Start of Dataset content

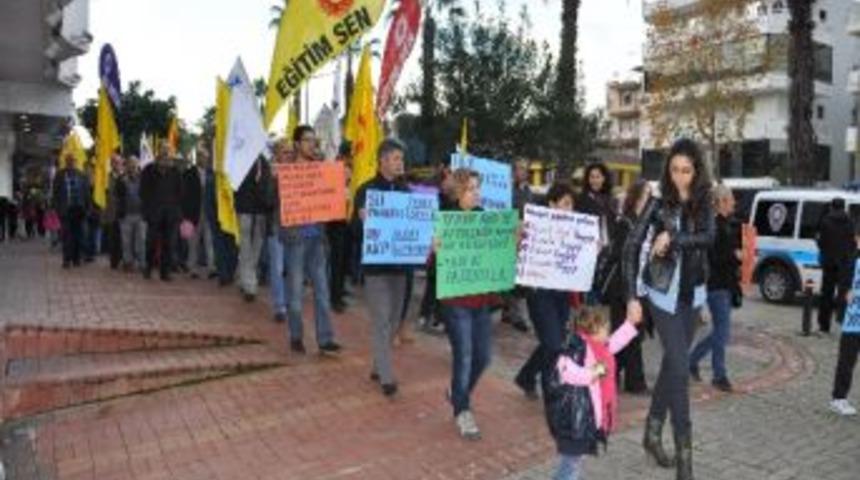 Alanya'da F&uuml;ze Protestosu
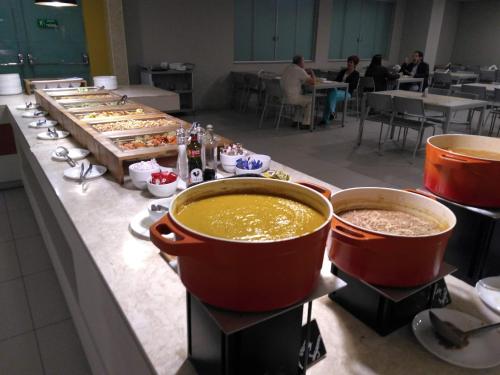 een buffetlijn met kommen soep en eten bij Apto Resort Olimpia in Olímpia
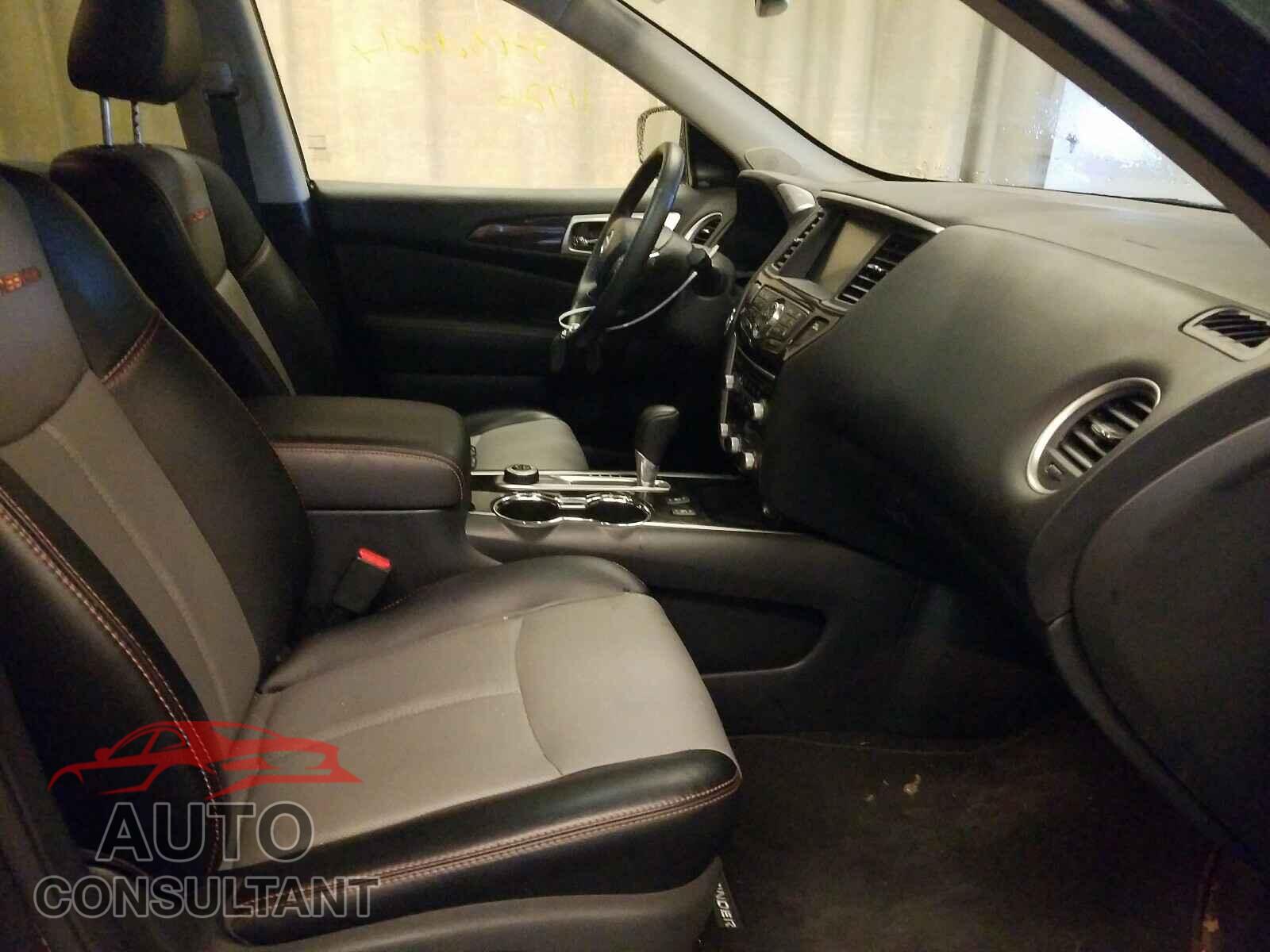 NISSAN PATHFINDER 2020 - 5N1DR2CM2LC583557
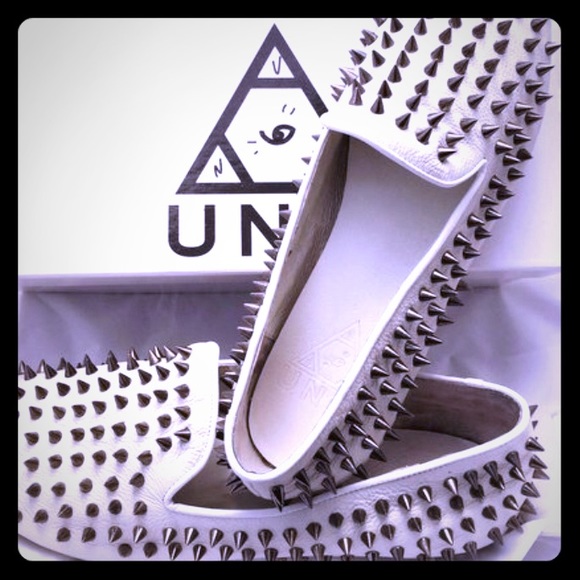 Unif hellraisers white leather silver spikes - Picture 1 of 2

End of Dataset content

→ Exercise directions:
Retype all the data exactly, please, without pictures.

→ Response:
 Alanya'da F&uuml;ze Protestosu
 een buffetlijn met kommen soep en eten bij Apto Resort Olimpia in Olímpia
 NISSAN PATHFINDER 2020 - 5N1DR2CM2LC583557
 Unif hellraisers white leather silver spikes - Picture 1 of 2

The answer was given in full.